**Work instruction**
Nothing but the lines from the one containing "NWT Hot Topic" through the last line of the records belongs in the answer, copied exactly and with the pictures left out.

[Crawled caption data]
Start of Block

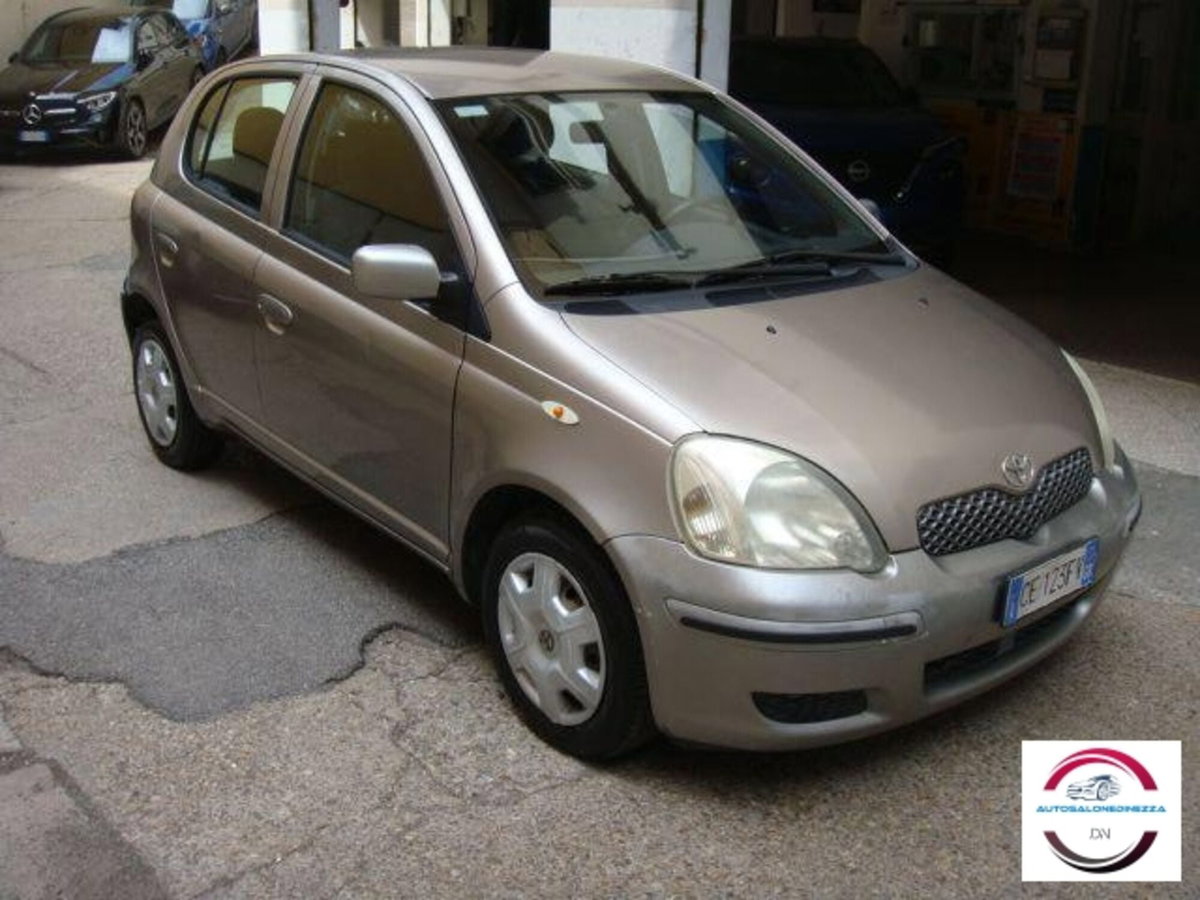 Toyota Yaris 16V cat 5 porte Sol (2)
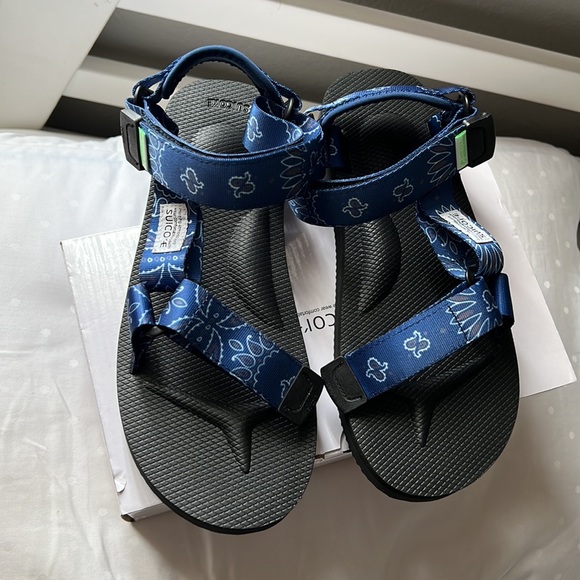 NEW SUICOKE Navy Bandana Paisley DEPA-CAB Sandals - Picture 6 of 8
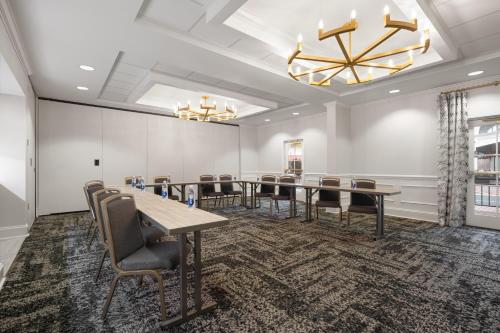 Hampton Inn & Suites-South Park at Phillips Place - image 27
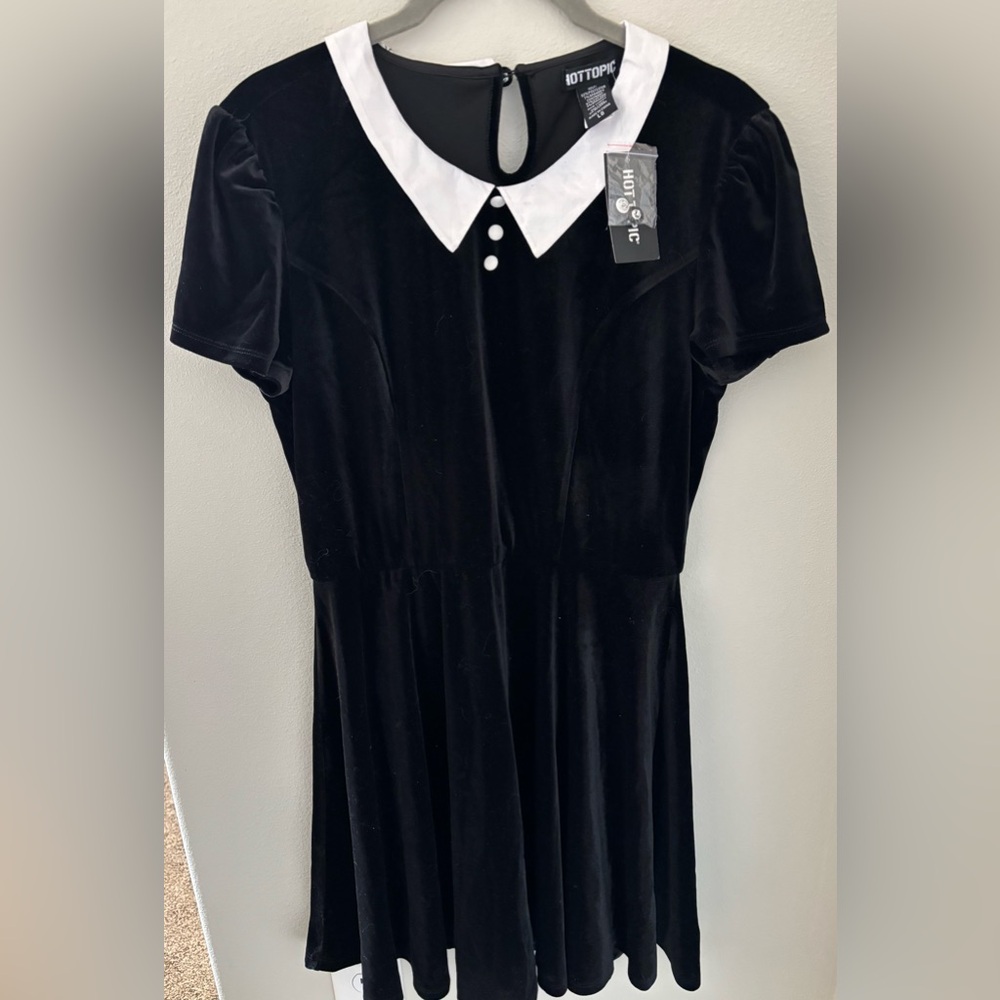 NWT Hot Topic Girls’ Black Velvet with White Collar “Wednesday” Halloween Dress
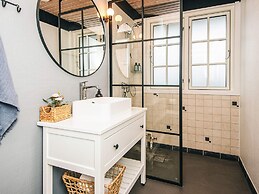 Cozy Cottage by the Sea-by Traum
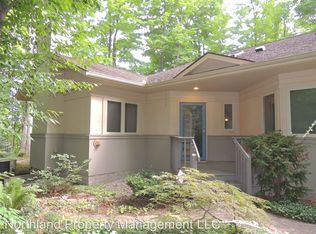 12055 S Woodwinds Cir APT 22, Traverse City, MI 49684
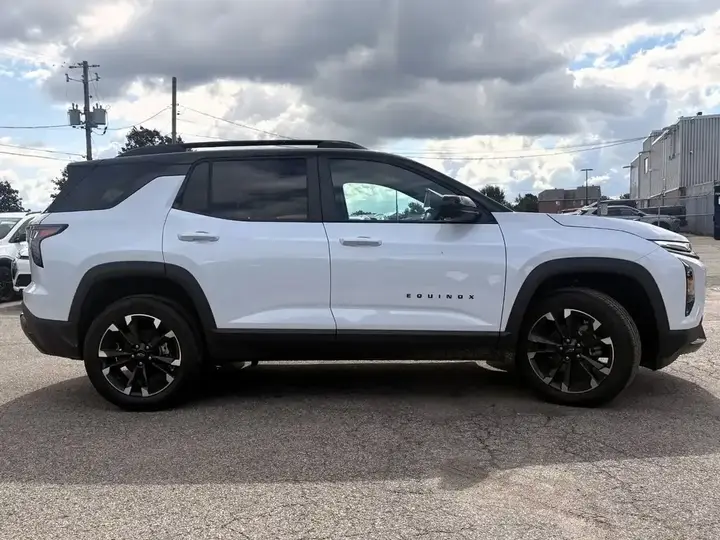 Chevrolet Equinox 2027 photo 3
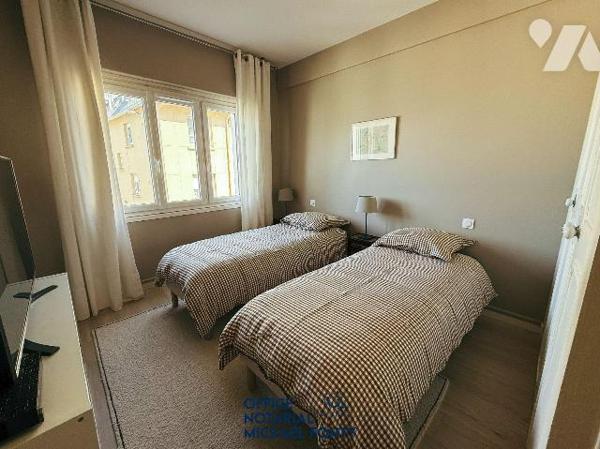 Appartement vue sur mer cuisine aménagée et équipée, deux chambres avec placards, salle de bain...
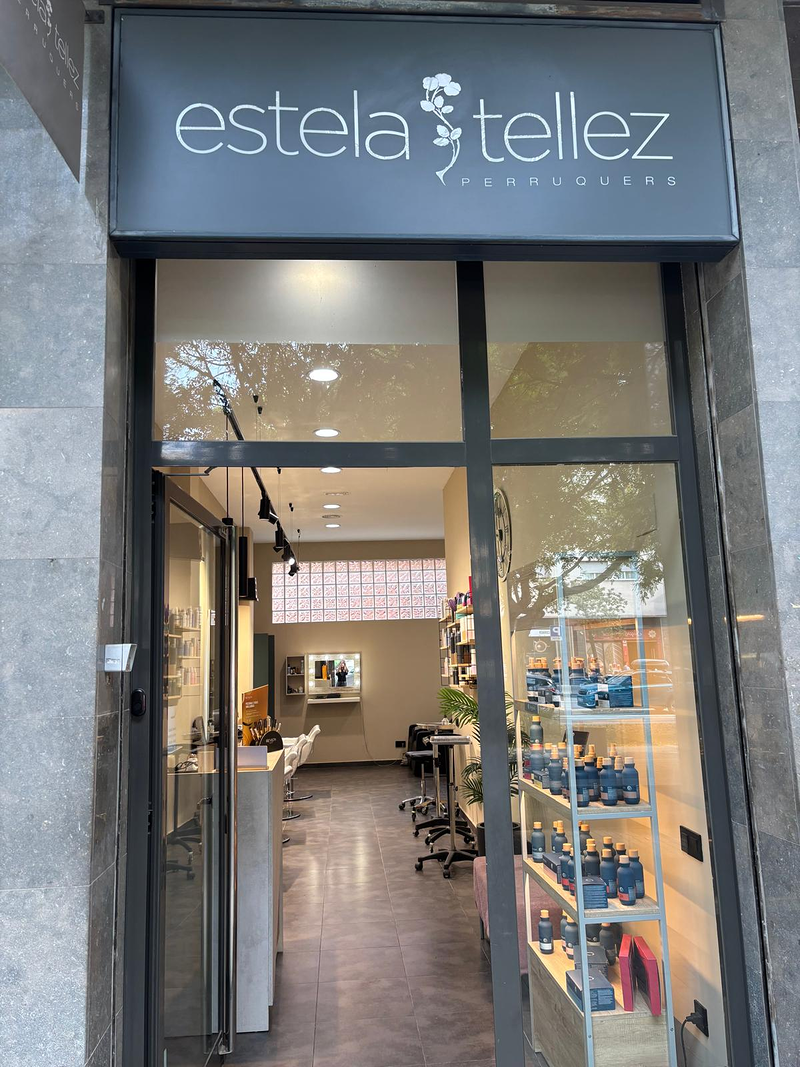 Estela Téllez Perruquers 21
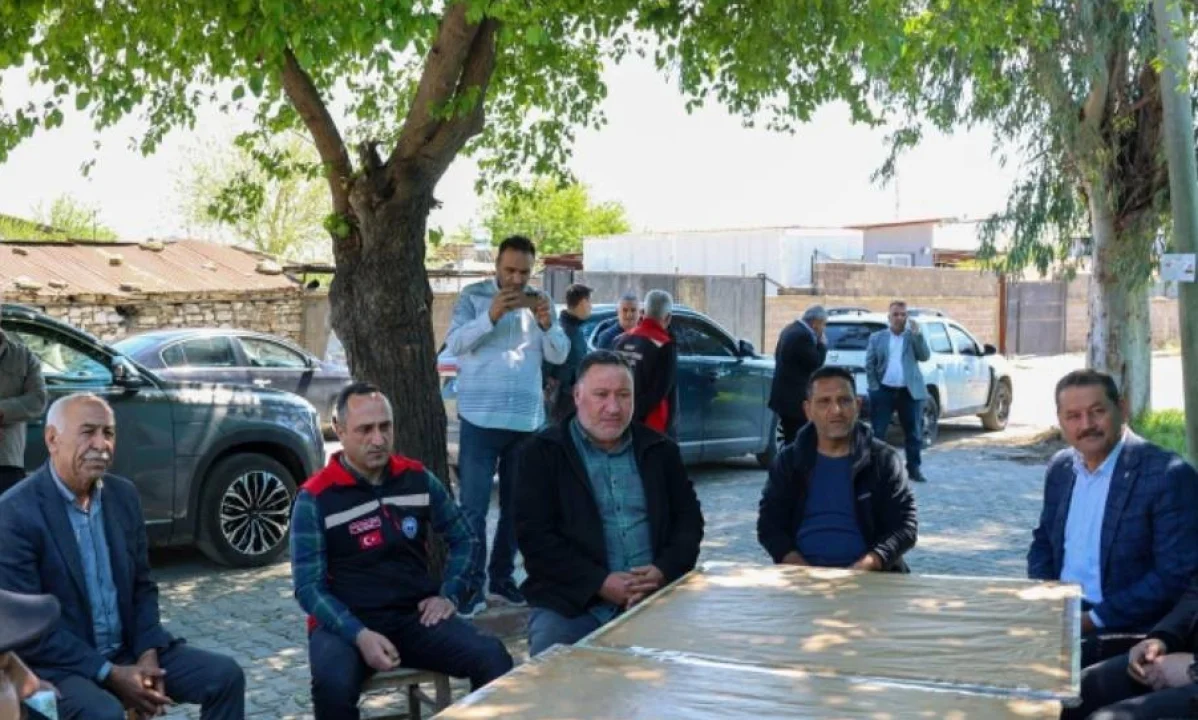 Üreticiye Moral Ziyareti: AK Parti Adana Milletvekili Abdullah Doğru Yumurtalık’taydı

End of Block

**Problem solution**
 NWT Hot Topic Girls’ Black Velvet with White Collar “Wednesday” Halloween Dress
 Cozy Cottage by the Sea-by Traum
 12055 S Woodwinds Cir APT 22, Traverse City, MI 49684
 Chevrolet Equinox 2027 photo 3
 Appartement vue sur mer cuisine aménagée et équipée, deux chambres avec placards, salle de bain...
 Estela Téllez Perruquers 21
 Üreticiye Moral Ziyareti: AK Parti Adana Milletvekili Abdullah Doğru Yumurtalık’taydı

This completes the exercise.